#### AIM OF THE TASK
Transcribe only the part of the material below that begins at the line containing "Snapshot of vaelina_angels" and ends at the line containing "29204 PRINCEVILLE DRIVE, San", with both kept and images left out.

#### DATA RECORDS
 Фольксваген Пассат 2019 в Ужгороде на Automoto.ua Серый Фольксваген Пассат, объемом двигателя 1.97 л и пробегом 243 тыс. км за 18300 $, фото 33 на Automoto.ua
---
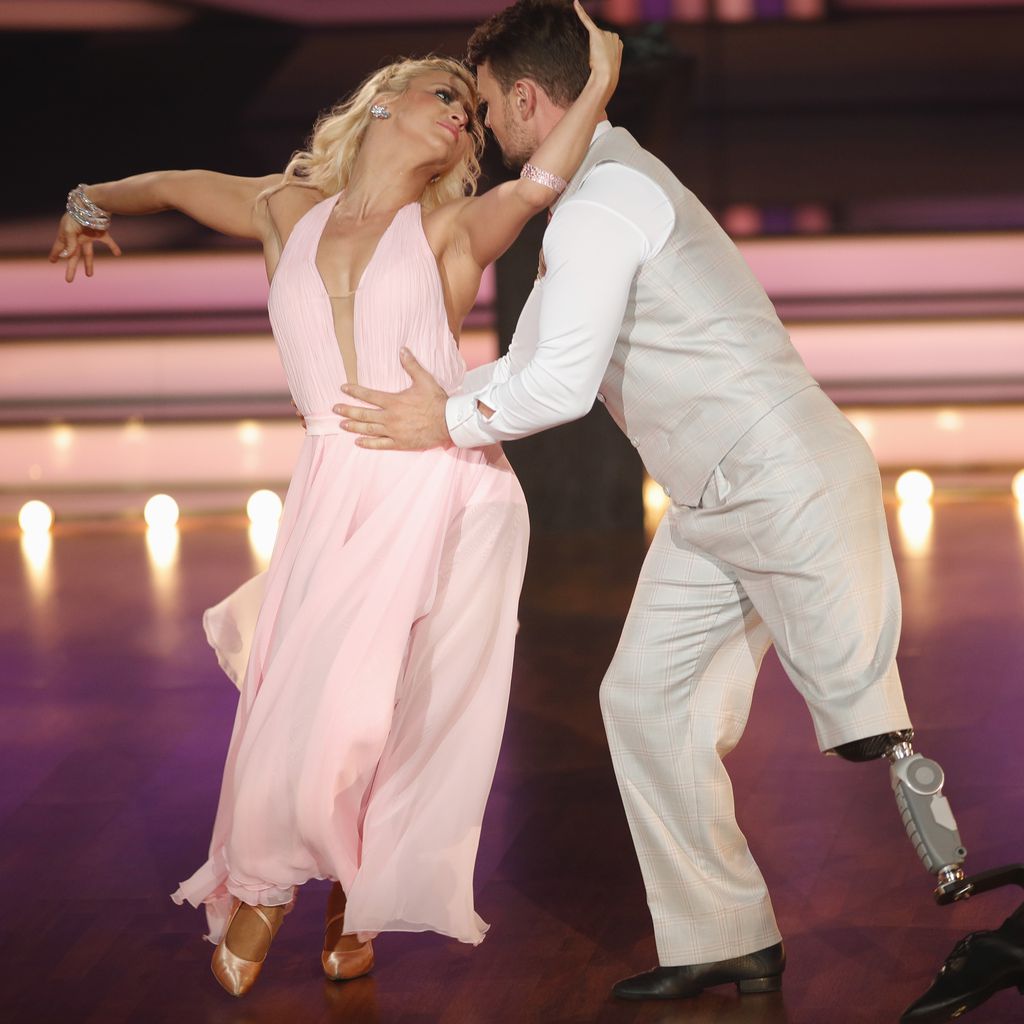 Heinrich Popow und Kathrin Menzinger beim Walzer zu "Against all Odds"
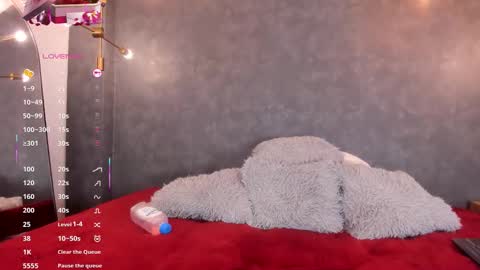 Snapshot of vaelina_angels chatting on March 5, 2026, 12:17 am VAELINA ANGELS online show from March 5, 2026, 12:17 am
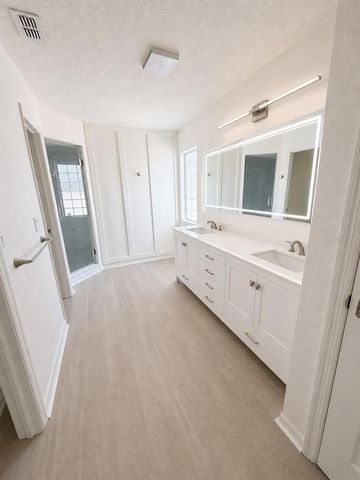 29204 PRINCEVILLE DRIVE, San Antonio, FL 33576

#### EXERCISE ANSWER
 Snapshot of vaelina_angels chatting on March 5, 2026, 12:17 am VAELINA ANGELS online show from March 5, 2026, 12:17 am
 29204 PRINCEVILLE DRIVE, San Antonio, FL 33576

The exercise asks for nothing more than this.